Another example — the U.S. Education Department (ED) reports phishing emails are targeting student accounts that use single factor authentications of student identity. Scammers then redirect deposits from student bank accounts into their bank accounts. This includes deposits of student aid remaining after tuition and fee payments — i.e. your spending money for the academic term.

Schools notify students upon sending aid to their bank accounts. If such deposits aren’t in your account within 3-4 working days, contact your school and, if need be, notify ED.

Those struggling to repay college debts are also fraud targets. Last year, the Federal Trade Commission (FTC) and 11 state attorneys general found scammers that used false promises of debt relief to steal more than $95 million in illegal fees from federal borrowers.

This year, New York sued several so-called debt relief companies that allegedly talked borrowers into making student loan payments to them for $1,000 in fees. And Betsy Mayotte of TISLA tells of a crooked company pretending to do federal student loan debt relief.
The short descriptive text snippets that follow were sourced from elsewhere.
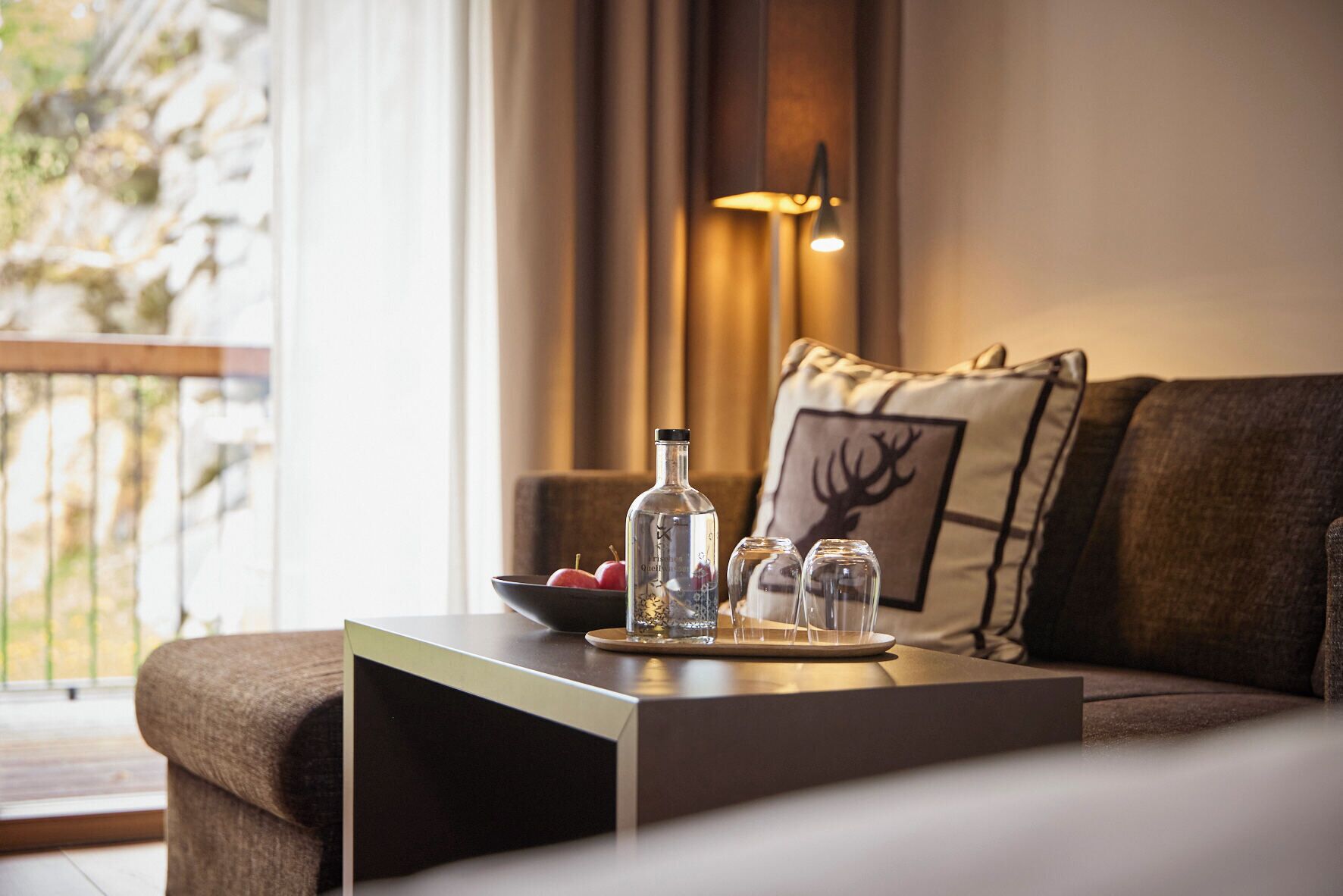 A modern living room with a sofa, a side table with a bottle and glasses, a bowl of fruit, and a decorative pillow with a deer design.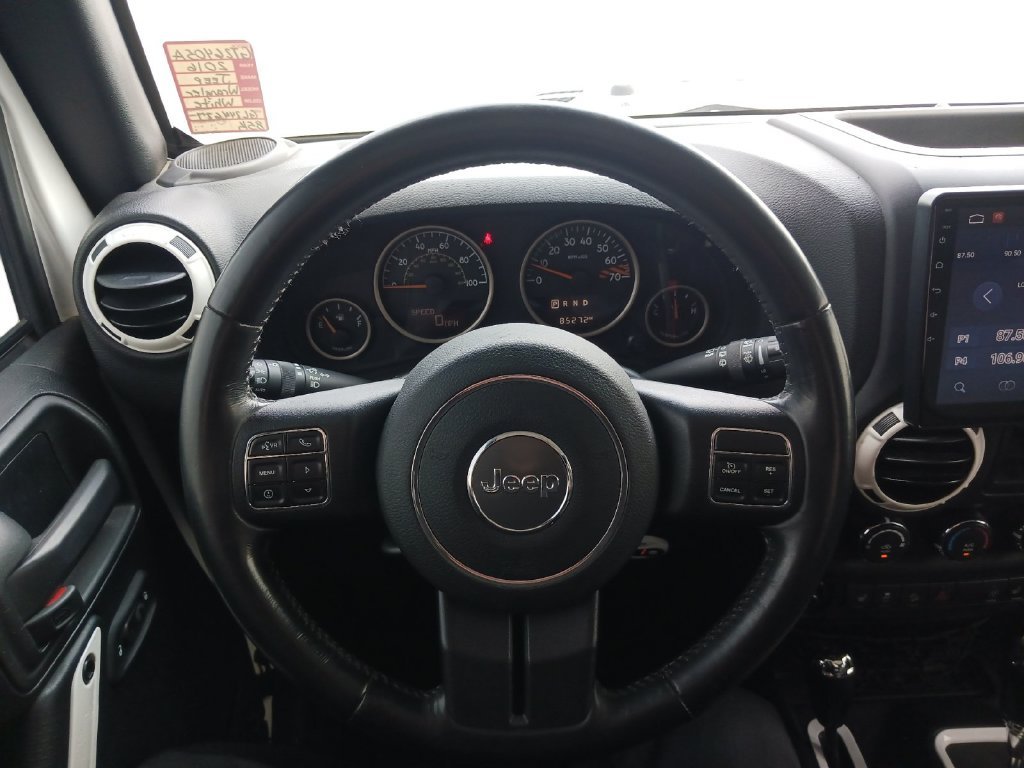Used 2016 White Jeep Unlimited Sahara image 17
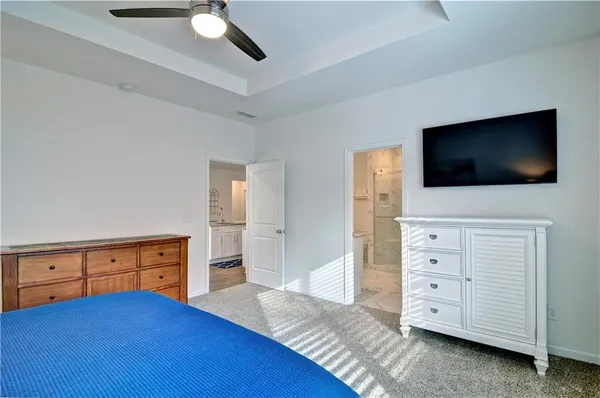 a view of living room with cabinets and flat screen tv
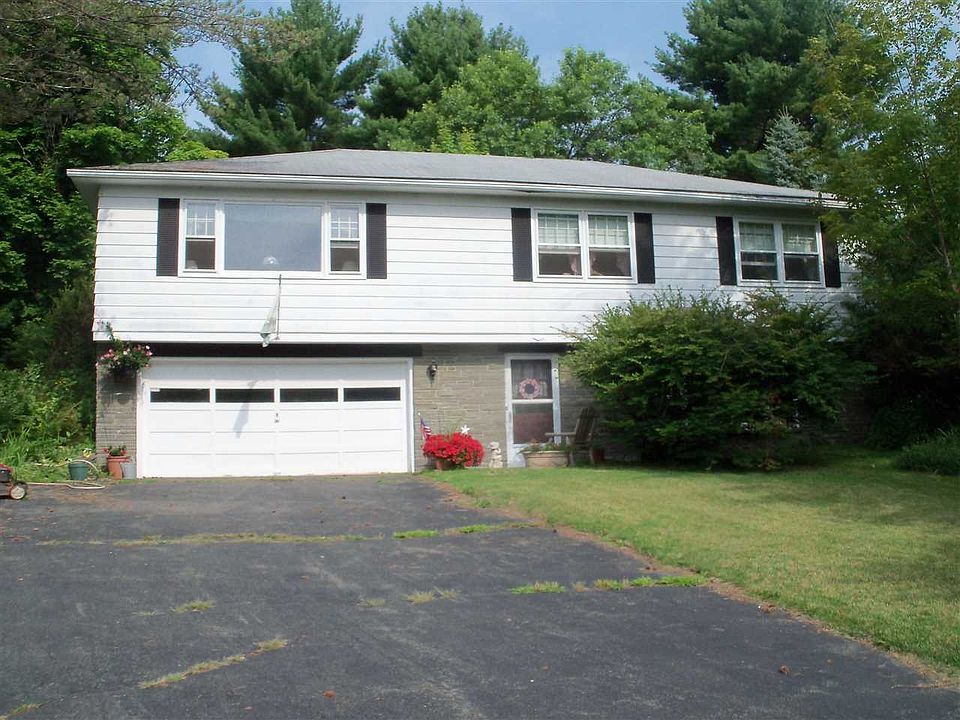 Not your ordinary ranch! Entrance is through the finished basement or the porch.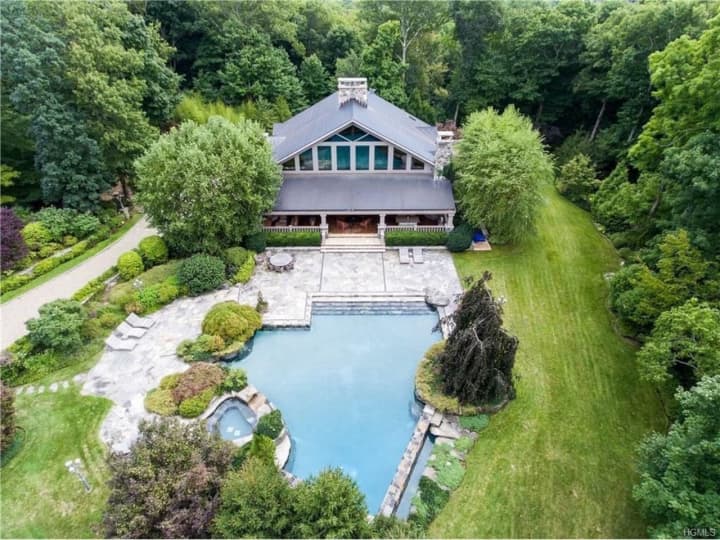 68 Quarry Lane in Bedford has over three acres of beautiful property.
It tells borrowers that repayment plans tying monthly payments to income are ending, then charges them fees to keep using such plans.

You can always repay your lender — including ED for Federal Direct Loans — at no charge. And income-sensitive repayment plans aren’t ending. It costs nothing to get or keep them. Just call your federal student loan servicer.

It’s not always easy to recognize student aid/loan scammers, so here are some warning signs. They:

  • Request up-front fees. No legitimate student aid or loan provider charges up front for its services.
  • Seek personal information. Some scammers hope to steal your identity to open fake credit cards in your name.
  • Make promises that sound too good to be true, because they are too good to be true!

If you’ve been scammed, file a consumer complaint with the FTC. It may be able to get your money back, or at least warn others of what to watch for.

Suspicious of some offer related to your student aid and loans? Contact College Affordability Solutions for a free consultation.

After College: If You’re Older and Paying on College Loans, You’re Not Alone. And You Have Options!

The nation’s $1.5 trillion in outstanding student loan debt is increasingly affecting older Americans, and not for the better.

The Consumer Finance Protection Bureau (CFPB) recently found that the numbers of people aged 60 and over owing on college loans quadrupled in a decade. Their average educational debt rose from $12,100 to $23,500 during that period.

A $23,500 debt generates monthly payments that can reach $490. This significantly reduces what aging Americans have to spend on basic necessities, including healthcare. It also cuts into what they can save for retirement.

These problems are compounded by the automobile, credit card, mortgage, and other debts many older borrowers are repaying. Bankruptcy courts, however, hardly ever discharge student loan debts.

Fifty and 60 year olds amass these debts by helping children and grandchildren pay for school or by cosigning — pledging to repay if their students don’t — private loans. Only 27% borrow for themselves.

Not surprisingly, many older borrowers struggle to repay educational loans. The CFPB found that 12% were behind on such payments, negatively affecting their credit scores.

Among federal student loan borrowers aged 65 and over, 37% were in default. The government has the legal right to garnish (confiscate) their social security benefits to repay their defaults. Social security is the only regular source of retirement income for 69% of Americans aged 65 and over, so this is particularly alarming.

Delinquent and defaulted borrowers are also subject to aggressive, hostile, even threatening collection calls and letters. As one expert put it, “A student loan can be a debt that’s kind of like a ball and chain that you . . . drag to the grave.”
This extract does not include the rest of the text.